Esta dilación perjudica además a la defensa. En efecto, muchos de los gastos alegados sólo pueden justificarse documentalmente, pero otros pudieron serlo por otras vías, de haber sido exigida tempestivamente esta explicación. Es sorprendente por ejemplo que gastos como la compra de una red para la pista de pádel, o la realización de reparaciones significativas, hubieran podido pasar desapercibidas a los responsables de la comunidad o a cualquier vecino y que no realizara una pronta reclamación al serle presentadas las cuentas anuales.
Es finalmente significativo en este punto la declaración de Dª. Dolores , que fue la persona que por vez primera en nombre de la Comunidad se ocupó de revistar estas cuentas y que al fin alertó sobre la irregularidad por ella apreciada. Sin embargo, en relación con el conjunto de pagos analizado, lo que refiere la testigo es simplemente que en el conjunto documental que le entregó, no ya ASEGUR, sino la nueva administración, no encontró justificación. Nos hallamos por tanto ante la falta de prueba del origen y justificación de las cantidades efectivamente abonadas a ASEGUR, falta de prueba que, sin embargo y en consideración a las especiales circunstancias referidas, no permiten deducir que se tratara de sumas cobradas fraudulentamente.
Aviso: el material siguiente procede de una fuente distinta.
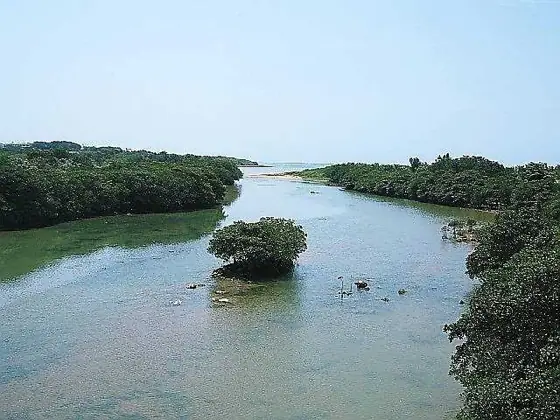 Miyara River Mangrove Forest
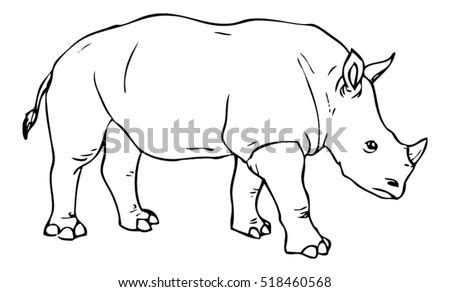 Realistic Rhino Drawing Vector Stock Vector 518460568 - Shutterstock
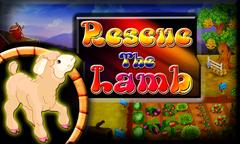 Rescue The Lamb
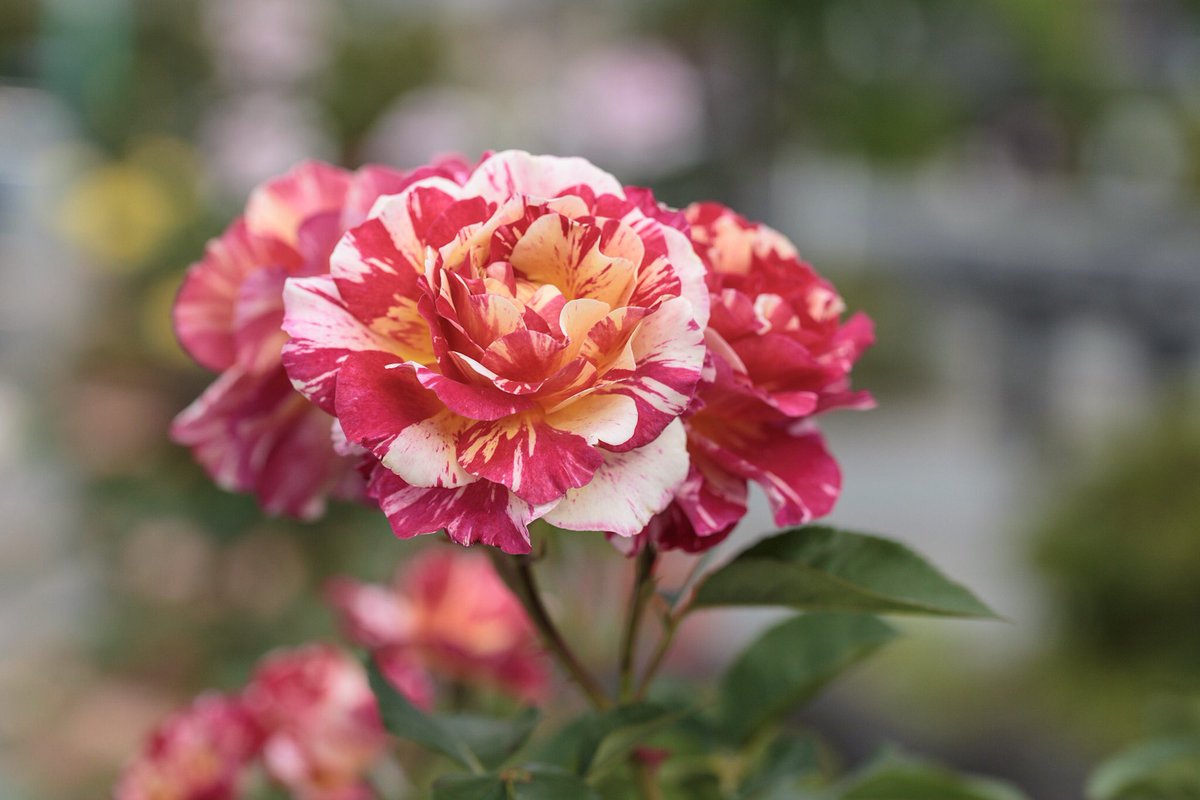 kaz_e46's tweet photo. あんな #バラ やこんなバラ
#薔薇 #ローズ #rose #flower
#f004 #sp90 #tamron #タムキュー #タムロン #canon #canon6d #eos #eos6d https://t.co/B3sP8Cb6rP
En consideración a tales condiciones, entiendo que la falta de actividad probatoria de la acusada, no es determinante para considerar que los gastos repercutidos no fueran reales y su reclamación fuera por tanto fraudulenta.
Otra consideración deriva del hecho de que se ha probado que un fraude existió. Pudiera deducirse que probado el carácter fraudulento de algunos actos de la acusada, todos los demás gastos abonados y no justificados lo fueron también. Es este desde luego un argumento sugestivo y del que resulta una sospecha a considerar. Sin embargo, entiendo que por si sólo no es suficiente para formar una sólida prueba indiciaria. Recordemos que la prueba de indicios exige que no exista una alternativa igualmente posible y razonable. En el caso analizado, pese a la prueba del carácter fraudulento de tres operaciones, entiendo que no puede deducirse que todas las demás alegadas por la acusación lo sean.
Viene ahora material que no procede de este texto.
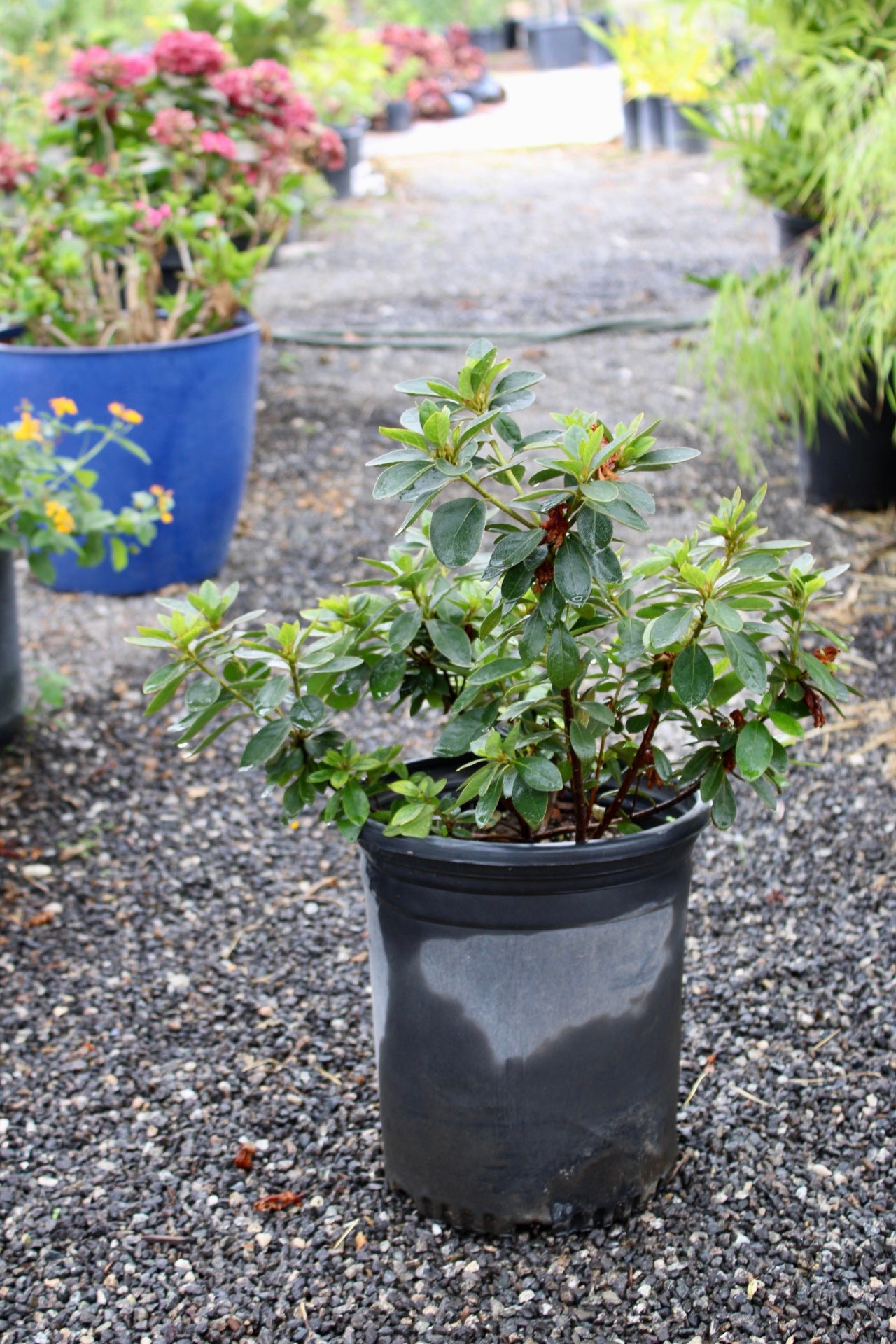 Azaleas (Rhododendron spp.)
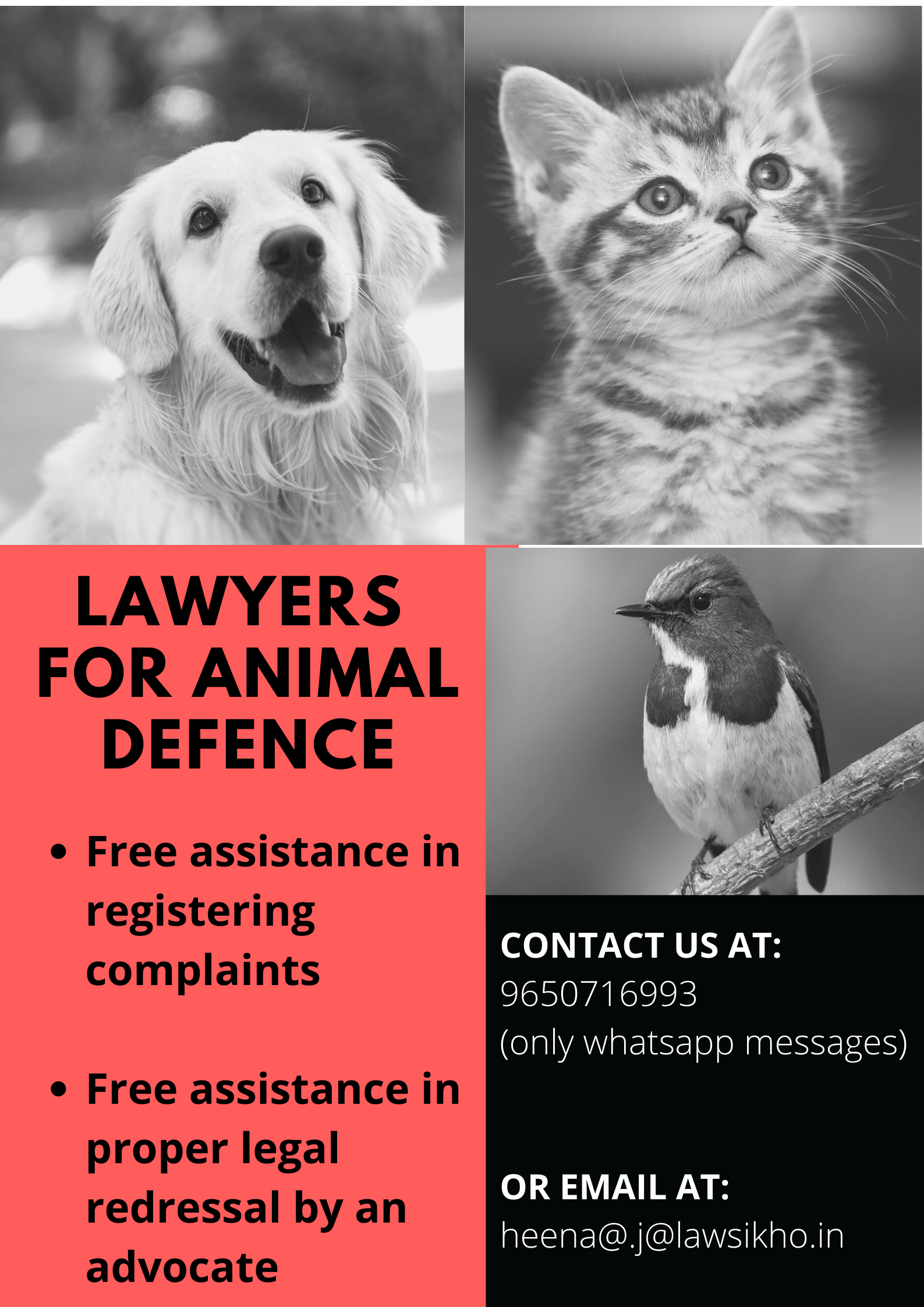 All you need to know about animal cruelty iPleaders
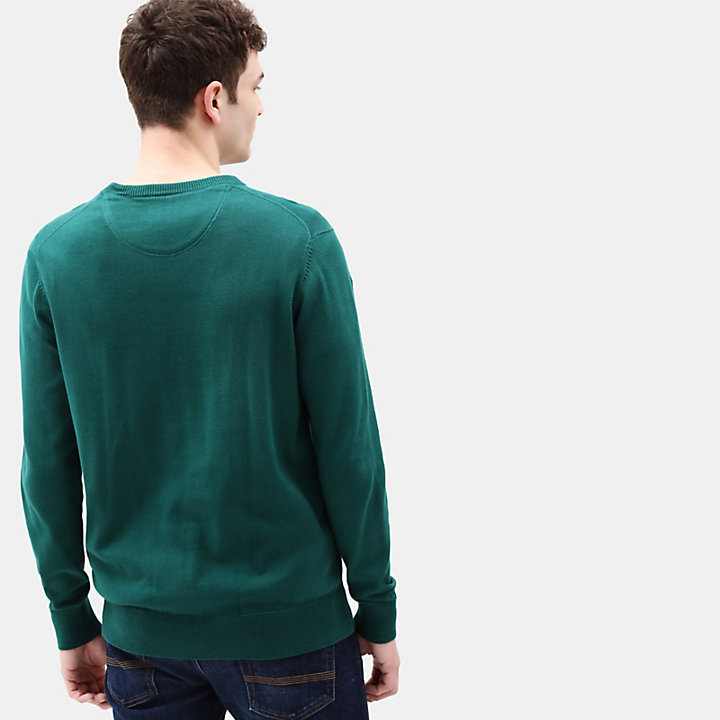 Williams River Cotton Sweater for Men in Green-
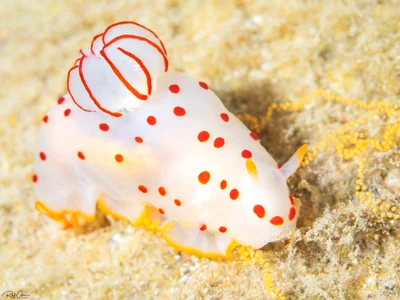 Ceylon Gymnodoris - Gymnodoris ceylonica
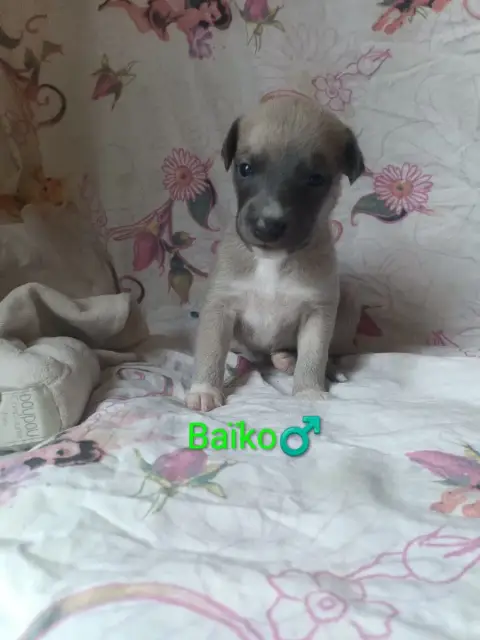 Whippet  Baïko Hakuna'Matata Kipepeo photo 2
No se logra por consiguiente una satisfactoria convicción a cerca de la veracidad de este extremo la imputación, por lo que, en aplicación del principio in dubio pro reo, debe tenerse por no acreditado.
3. Analizaré a continuación los pagos referidos a servicios supuestamente prestados por TVM Madrid y Vertimadrid, referidos hecho probado segundo.
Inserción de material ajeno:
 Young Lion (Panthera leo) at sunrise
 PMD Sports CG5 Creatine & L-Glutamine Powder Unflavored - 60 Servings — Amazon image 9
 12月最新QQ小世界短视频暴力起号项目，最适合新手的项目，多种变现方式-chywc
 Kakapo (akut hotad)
En este punto, de las alegaciones de la recurrente, confirmada por la testigo Sra. Dolores a la que se ha hecho anterior referencia. Resulta que los referidos pagos se justificaron con documentos expedidos por las entidades TVM Madrid y Vertimadrid. Existe por tanto una apariencia documental que las respalda.
Sin embargo, la querellante refiere que las referidas entidades no existen y que por tanto tales documentos son falsos. En este punto se ha practicado escasa prueba. Así consta un oficio remitido por la Policía Municipal de Majadahonda (f 231), ratificado en el plenario por el agente 235, en el que se indica que personado en el que les constaba como domicilio de las citadas entidades, no encontraron a ninguna. También la Sra. Dolores dice no haber podido localizar a dichas sociedades, pero no recuerda si existían irregularidades con el CIF ni, en fin, que comprobación realizó. Entiendo estas solas diligencias son manifiestamente insuficientes para considerar acreditada que las citadas empresas fueran ficticias. No sabemos además cuando se realizaron las gestiones, pero ciertamente lo fue después de emitidas las facturas, meses después, incluso más de un año, por lo que bien hubieran podido cambiar de domicilio.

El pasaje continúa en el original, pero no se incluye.